Court of Appeals of Missouri, Southern District, Second Division

June 10, 2019


          APPEAL FROM THE CIRCUIT COURT OF NEWTON COUNTY Honorable James V. Nichols, Judge.

          DANIEL E. SCOTT, J.

         A Missouri circuit court tried, convicted, and sentenced Dwight Laughlin to 40 years in prison for burglarizing and damaging a U.S. post office in Neosho. Seventeen years later, our supreme court granted Laughlin's pro se petition, voided his convictions, and discharged him because "the United States ha[d] exclusive jurisdiction to hear cases involving offenses committed on that federal property." State ex rel. Laughlin v. Bowersox, 318 S.W.3d 695, 697 (Mo. banc 2010).

         Laughlin sued Appellants, his trial and appellate public defenders, for negligently failing to assert that jurisdictional challenge as he had asked them to do in 1993-95.[1] Attorney Arthur Benson offered 56 transcript pages of trial testimony as an expert witness and opined, consistent with the jury instructions and Laughlin's claims, that Appellants had been negligent. The jury agreed and rendered a $600, 000 verdict.

         On appeal, Appellants raise two points. The latter fails summarily, so we take it first.


         To determine if Laughlin presented a submissible case, we must ignore all conflicting evidence and inferences. Fleshner v. Pepose Vision Inst., P.C., 304 S.W.3d 81, 95 (Mo. banc 2010). Appellants cite Fleshner for this rule, but ignore it. Point 2 charges that "no evidence was adduced in support of the essential element of negligence," then cites only Appellants' evidence that we must ignore, dooming the point ab initio.

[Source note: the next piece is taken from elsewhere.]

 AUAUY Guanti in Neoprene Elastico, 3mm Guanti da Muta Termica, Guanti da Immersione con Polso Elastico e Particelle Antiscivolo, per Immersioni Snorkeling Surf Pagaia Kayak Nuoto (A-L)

Worse yet, Point 2's argument acknowledges Benson's expert testimony of negligence, but asserts that Appellants' evidence proves Benson wrong. "[I]n seeing if any evidence supports a judgment, contrary proof is irrelevant. And if evidence does support the judgment, no amount of counter-proof erases it." Smith v. Great American Assur. Co., 436 S.W.3d 700, 705 (Mo.App. 2014). Point denied.

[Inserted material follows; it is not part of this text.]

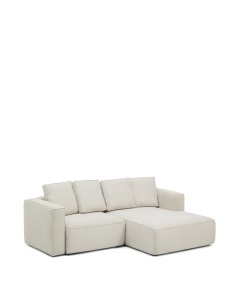 Canapea extensibila cu colt bej din textil pentru 3 persoane Marela Right Chenille Kave Home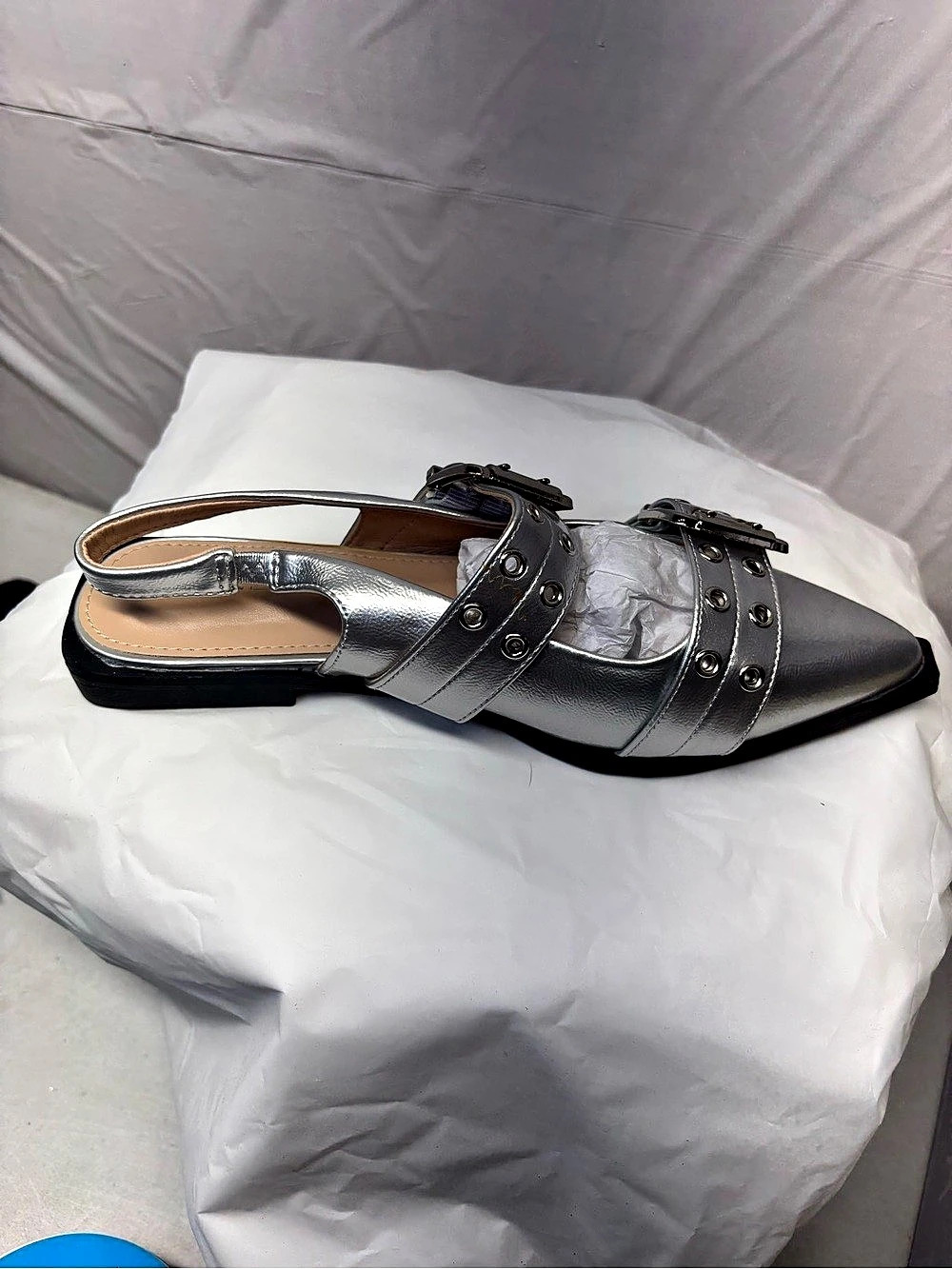 Jeffrey Campbell Addison Silver Pointed-Toe Slingback US 8 NWT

         Official Immunity

         Appellants also urge that public defenders should enjoy official immunity from malpractice claims. This is an open question, as Appellants acknowledge, despite having come up in three opinions by our Western District colleagues:

1. Johnson v. Schmidt, 719 S.W.2d 825 (Mo.App. 1986), dismissed a malpractice case as premature without reaching the official-immunity issue (id. at 826), noting also that "[i]f appellant had been successful in his claim, then payment of those damages would have to be made from the State Legal Defense Fund, § 105.711, RSMo Supp.1984." Id. at 828.
2. Costa v. Allen, WD67378, 2008 WL 34735 (Mo.App. Jan. 2, 2008), extensively surveyed other jurisdictions, concluded that most did not recognize official immunity for public defenders (id. at *3-*5), reached the same result, and also observed that "Missouri does not have a blanket statutory immunity for state employees but rather provides financial protection for their acts under the State Legal Expense Fund." Id. at *4 n.5. This opinion was for naught after our supreme court took transfer and ruled on other grounds without deciding the immunity issue. Costa v. Allen, 274 S.W.3d 461, 463-64 & n.4 (Mo. banc 2008).
3. Two years later, in Kuehne v. Hogan, 321 S.W.3d 337 (Mo.App. 2010), Judge Ellis separately opined that his court's prior Costa opinion, although of no precedential value, was in error (id. at 343-50 (Ellis, J., concurring)), and that most jurisdictions grant public defenders some sort of immunity “whether it be judicial immunity, statutory immunity, official immunity, or some variation thereof.” Id. at 344 (Ellis, J., concurring).

         We have not found or been cited to a later Missouri case on this issue. Before we address it anew, some further background is in order.

         Missouri courts have recognized the doctrine of official immunity for more than 160 years. Southers v. City of Farmington, 263 S.W.3d 603, 610 (Mo. banc 2008)(citing Reed v. Conway, 20 Mo. 22 (1854)). "This judicially-created doctrine protects public employees from liability for alleged acts of negligence committed during the course of their official duties for the performance of discretionary acts." Id. Official immunity is intended to shield "individual government actors who, despite limited resources and imperfect information, must exercise judgment in the performance of their duties," and ...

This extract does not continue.